Scruggs and Sanders put up big numbers -- the duo combined to rush for 24 touchdowns in 2010 -- but no individual back has performed like McGhee has since Zak Thornton set the program’s single-season rushing record in 2007.
“We’ve been fortunate to have some really talented running backs,” said McConnell. “All of them have had a really good work ethic. It’s not just about talent, but how you go about your job.”
McGhee is aware of the rushers who came before him. It is a team-wide mantra to respect the history of the program. That selfless spirit has Randolph-Macon one win away from securing its seventh straight winning season.
“We definitely have a very strong brotherhood,” said McGhee. “We emphasize playing for the guy next to you and for the guys who came before us. Everyone has a role and has to contribute. The guys have definitely bought into the program and the way we do things across the board.”
Now, McGhee is the one setting the example for the younger running backs on the team. Sophomore fullback John Byrd is second on the team with 50 carries for 224 yards and four touchdowns. McGhee has carried the ball 207 times and has rushed for 12 touchdowns.
“Our upperclassmen taught him and now he does the same for the underclassmen,” said McConnell. “He’s a good team player and he coaches our young guys up. He’s a special guy.”
Last year, McGhee rushed for 1,276 yards, good for the third-best rushing season in program history. At 1,257 yards with three regular season games to play, McGhee is within striking distance of Thornton’s record of 1,551 yards. The ODAC single-season record is 1,730, set by Emory and Henry’s Sandy Rogers in 1986.
“When he came in as a freshman, we knew he was a talented kid,” said McConnell. “He is physical and has speed, which makes a great combination.”
He currently ranks third in the nation with 179.6 rushing yards per game and fifth in the nation with 205.14 all-purpose yards per game. He rushed for a season-high 296 yards in a Sept. 27 win over Bethany. Despite his versatility and prolific numbers, McGhee remains humble.
“It’s definitely a testament to the work ethic of my offensive line,” said McGhee. “They have great leadership and have created a strong unit. A running back is only as good as his lead blockers, and those guys do a great job.”
McGhee then proceeded to name his linemen and fullbacks -- Justin Daniels, Nate Turner, Joe Breithaupt, Nick Powell, John Byrd, Jay Hausler, and Jesse Knepp.
“He is extremely humble and has a great work ethic,” said Arruza. “The best thing you can say is what a humble guy and hard worker he is.”
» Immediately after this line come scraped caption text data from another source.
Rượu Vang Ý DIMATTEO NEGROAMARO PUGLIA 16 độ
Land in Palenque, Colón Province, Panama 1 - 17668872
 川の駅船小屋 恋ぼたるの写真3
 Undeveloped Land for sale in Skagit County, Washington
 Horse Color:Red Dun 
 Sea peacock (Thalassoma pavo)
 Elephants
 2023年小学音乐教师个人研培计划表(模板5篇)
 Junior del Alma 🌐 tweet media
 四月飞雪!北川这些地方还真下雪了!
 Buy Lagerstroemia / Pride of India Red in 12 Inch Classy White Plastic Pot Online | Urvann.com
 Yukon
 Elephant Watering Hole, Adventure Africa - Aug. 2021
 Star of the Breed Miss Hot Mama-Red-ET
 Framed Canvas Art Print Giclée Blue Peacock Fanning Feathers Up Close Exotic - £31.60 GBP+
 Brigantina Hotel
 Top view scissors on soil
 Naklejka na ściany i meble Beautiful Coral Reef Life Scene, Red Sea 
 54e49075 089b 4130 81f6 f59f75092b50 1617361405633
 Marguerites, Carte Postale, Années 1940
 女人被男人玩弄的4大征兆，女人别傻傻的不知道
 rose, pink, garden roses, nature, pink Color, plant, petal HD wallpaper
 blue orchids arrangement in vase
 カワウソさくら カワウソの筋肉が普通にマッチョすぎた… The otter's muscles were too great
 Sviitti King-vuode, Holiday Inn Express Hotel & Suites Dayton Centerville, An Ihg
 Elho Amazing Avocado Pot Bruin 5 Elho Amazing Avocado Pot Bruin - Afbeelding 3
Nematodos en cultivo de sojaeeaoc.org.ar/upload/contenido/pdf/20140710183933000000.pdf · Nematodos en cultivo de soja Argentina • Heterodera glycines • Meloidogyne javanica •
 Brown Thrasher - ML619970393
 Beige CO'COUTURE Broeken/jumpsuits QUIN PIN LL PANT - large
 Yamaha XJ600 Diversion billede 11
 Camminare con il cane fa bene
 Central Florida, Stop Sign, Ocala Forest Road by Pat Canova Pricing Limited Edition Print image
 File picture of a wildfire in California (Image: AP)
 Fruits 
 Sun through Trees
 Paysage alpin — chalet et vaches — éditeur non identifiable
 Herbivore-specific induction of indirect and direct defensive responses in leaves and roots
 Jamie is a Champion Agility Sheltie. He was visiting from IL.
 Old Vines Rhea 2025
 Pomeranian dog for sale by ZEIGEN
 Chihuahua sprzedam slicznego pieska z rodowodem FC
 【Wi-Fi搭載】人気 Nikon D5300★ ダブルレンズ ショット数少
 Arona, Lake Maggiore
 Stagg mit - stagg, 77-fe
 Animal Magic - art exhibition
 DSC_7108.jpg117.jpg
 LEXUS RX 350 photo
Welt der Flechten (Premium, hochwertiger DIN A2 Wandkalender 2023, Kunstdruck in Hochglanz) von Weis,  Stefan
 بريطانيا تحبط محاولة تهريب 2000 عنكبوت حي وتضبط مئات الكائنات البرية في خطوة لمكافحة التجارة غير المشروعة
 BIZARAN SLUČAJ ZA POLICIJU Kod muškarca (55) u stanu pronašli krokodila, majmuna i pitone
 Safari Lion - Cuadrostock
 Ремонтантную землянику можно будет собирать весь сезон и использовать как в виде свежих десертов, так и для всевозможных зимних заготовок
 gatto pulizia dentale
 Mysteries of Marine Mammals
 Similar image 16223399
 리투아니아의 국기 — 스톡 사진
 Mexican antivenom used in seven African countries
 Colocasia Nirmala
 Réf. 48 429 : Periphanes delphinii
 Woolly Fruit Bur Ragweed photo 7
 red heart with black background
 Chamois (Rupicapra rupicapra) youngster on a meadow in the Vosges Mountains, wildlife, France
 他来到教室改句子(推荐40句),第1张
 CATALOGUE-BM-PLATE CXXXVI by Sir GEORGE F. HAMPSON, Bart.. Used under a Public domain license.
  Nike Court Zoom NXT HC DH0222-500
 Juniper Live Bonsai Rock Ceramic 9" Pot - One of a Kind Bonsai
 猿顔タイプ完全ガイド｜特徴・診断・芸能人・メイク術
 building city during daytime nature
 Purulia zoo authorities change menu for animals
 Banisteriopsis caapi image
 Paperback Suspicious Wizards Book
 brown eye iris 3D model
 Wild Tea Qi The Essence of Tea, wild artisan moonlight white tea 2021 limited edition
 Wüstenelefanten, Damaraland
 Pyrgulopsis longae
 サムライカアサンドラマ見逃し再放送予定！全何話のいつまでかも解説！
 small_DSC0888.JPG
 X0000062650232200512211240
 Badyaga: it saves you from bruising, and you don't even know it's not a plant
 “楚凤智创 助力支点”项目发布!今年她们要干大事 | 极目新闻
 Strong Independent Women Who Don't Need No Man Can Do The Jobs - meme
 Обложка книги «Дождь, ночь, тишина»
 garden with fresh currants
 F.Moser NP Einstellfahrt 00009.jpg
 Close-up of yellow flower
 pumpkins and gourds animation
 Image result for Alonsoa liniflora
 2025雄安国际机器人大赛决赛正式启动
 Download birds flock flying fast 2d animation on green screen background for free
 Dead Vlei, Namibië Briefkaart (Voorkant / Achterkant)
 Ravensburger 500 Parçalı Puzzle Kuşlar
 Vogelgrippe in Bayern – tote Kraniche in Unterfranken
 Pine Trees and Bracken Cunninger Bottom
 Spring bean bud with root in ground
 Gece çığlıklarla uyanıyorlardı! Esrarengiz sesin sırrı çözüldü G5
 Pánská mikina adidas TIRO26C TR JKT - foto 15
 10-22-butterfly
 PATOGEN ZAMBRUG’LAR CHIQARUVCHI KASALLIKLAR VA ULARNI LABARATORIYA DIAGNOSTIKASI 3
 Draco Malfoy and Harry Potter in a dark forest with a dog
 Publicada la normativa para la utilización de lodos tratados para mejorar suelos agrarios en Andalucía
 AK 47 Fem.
The business econ major has worked hard on and off the field to follow in the footsteps of the Yellow Jackets who came before him. His selflessness, humility, and dedication to team will leave large footsteps to fill when he graduates this spring. After doing everything he could to help his team in each of his four seasons, McGhee is an example of working hard and letting the depth chart and statistics sort themselves out.
“He sets a great example,” said Arruza. “It’s no secret to us that he’s been as good as he’s been.”